1. Startup is slow
Archivist is a proof-of-concept application that is built to demonstrate some specific technologies that are better suited for networked deployments within a business. These technologies have been packaged into a single installer to reduce the effort required for a user to experience these technologies. Unfortunately, the combination of technologies for networked deployments and a desktop installer package create some latency and bloat. We may consider a rewrite of Archivist in a more desktop-native language but, for now, this is the tradeoff that we've had to make.
2. Receiving a chat response is slow
Speeds are primarily affected by your hardware.
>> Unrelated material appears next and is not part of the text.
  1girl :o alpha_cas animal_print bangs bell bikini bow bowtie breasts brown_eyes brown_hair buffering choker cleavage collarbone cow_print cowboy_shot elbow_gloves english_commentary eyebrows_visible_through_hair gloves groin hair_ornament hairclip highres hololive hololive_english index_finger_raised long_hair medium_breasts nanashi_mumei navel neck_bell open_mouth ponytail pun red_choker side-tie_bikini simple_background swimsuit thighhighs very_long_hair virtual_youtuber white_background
Archivist needs to load the entire language model into RAM before it can process queries. On modern laptops with an SSD, this typically takes 5-15 seconds. Older systems with traditional hard drives may experience startup delays of 30+ seconds. Memory bandwidth and RAM speed (MHz rating) significantly impact model loading and inference - higher frequency DDR4/DDR5 RAM can reduce loading times by 20-30% compared to slower memory. During operation, your CPU handles most of the processing work - multi-core processors with higher clock speeds will generate responses faster than older CPUs. If you experience slow responses, try closing other memory-intensive applications, as Archivist works best when it has dedicated access to your system's resources. The 2B model is optimized for laptop use, balancing quality with performance constraints, but even this smaller model benefits substantially from modern hardware.
3. Voice-to-text is slow
The voice-to-text feature in Archivist relies on Whisper (via Hugging Face Transformers and PyTorch) to convert your spoken words into text. This process is computationally intensive and performance varies based on your hardware. Your first voice transcription in each session will be noticeably slower (typically 15-30 seconds) as the application needs to load the speech recognition model into memory. Once loaded, subsequent voice messages process much faster, usually in 5-15 seconds depending on recording length. Performance depends heavily on your CPU's capabilities - newer multi-core processors with higher clock speeds can process audio significantly faster than older or low-power CPUs. RAM quantity and speed also impact performance, as the transcription model requires sufficient memory bandwidth to efficiently process audio data. For optimal results, keep recordings under 30 seconds when possible and ensure your laptop has at least 8GB of RAM. If you experience slow transcription times, try closing other resource-intensive applications to dedicate more processing power to Archivist. While optimized for CPU-only operation on standard laptops, the voice-to-text feature will still perform best on systems with modern processors and faster memory.